In Atlanta, my best friend and I call them “drive-by hugs”. They usually happen on weeknights when we technically don’t have time to hang out. After a quick text or short heads-up phone call, one of us drops by the other’s house for what, in theory, should be a brief hug in the driveway. But more often than not, these brief hugs lead to hour-long conversations, turning the “drive-by hug” into a well-intended misnomer. But that’s the danger—or rather the benefit—of best friends: 10 minutes become two hours before you realize it, and you wouldn’t have it any other way.

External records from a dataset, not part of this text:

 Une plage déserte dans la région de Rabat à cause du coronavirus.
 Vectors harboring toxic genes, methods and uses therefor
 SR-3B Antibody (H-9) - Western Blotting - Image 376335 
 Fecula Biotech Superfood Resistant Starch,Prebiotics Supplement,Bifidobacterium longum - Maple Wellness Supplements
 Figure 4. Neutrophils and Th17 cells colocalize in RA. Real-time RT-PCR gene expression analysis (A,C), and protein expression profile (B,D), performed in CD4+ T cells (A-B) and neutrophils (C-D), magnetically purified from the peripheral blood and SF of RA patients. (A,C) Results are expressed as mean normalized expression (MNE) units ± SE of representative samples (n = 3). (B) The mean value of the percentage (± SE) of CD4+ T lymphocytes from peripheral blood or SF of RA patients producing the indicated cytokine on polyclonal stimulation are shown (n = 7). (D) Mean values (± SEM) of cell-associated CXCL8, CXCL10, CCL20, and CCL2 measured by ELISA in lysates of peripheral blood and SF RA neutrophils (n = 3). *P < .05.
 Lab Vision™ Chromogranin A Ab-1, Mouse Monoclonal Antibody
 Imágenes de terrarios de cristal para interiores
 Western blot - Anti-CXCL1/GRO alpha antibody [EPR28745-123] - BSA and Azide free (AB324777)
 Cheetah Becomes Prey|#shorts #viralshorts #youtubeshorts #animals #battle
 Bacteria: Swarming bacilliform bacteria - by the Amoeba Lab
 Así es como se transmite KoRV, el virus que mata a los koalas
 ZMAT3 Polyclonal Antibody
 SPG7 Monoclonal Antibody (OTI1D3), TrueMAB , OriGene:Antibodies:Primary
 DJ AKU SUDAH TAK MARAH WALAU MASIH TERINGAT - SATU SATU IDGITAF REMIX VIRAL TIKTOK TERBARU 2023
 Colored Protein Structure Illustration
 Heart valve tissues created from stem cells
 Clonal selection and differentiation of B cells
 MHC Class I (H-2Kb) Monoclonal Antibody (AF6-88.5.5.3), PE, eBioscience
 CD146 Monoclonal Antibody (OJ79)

Sadly, though, since I left Georgia this May, my life has been drive-by-hugless. Until two weeks ago, that is. That’s right; Elizabeth (or EQL, pronounced “Equal”) took the drive-by-hug to a whole new level, upgrading the 10-minute convo for a 10-day stay with me in Europe, even taking off work from the Microbiology lab where she is a PhD student. That’s right, she set a new (and likely unbeatable) friendship record by coming 4,993 miles just to give me a hug.
And just like on the weeknights in Atlanta, the time flew by, with three days in Kraków, 6 days in Berlin. We ate pierogi, visited museums, celebrated Thanksgiving with my friends (twice!), and compared the Glühwein at different Christmas markets. We even took a daytrip to Wittenberg, home of Martin Luther, where we may have had a bit too much fun exploring his house-turned-museum.
To say that the week was wonderful would be an understatement. More fitting words would be “sparkly” and “magical”, and not just because of all the Christmas lights we saw along the way. For 10 days, I got to show my best friend my homes-away-from-home in Berlin and Kraków. We took way too many pictures, ate way too much RitterSport and cinnamon almonds, and reminisced about old memories while making all new ones. We laughed, we cried… and even laugh-cried through one last hug at the airport on Monday, prompting a nearby Brit to astutely note, “You must care about each other a lot.” Well done. We shall knight you “Sir Obvious.”
It’s now been a week and a half since Elizabeth left, and my heart and schedule have finally returned back to normal, though I still miss her dearly. My pastor here in Berlin captured it perfectly in an email to me the day after she left: “I hope that you’re doing reasonably well and that the gap isn’t too big… more often than not, best friends leave behind large gaps when they go.”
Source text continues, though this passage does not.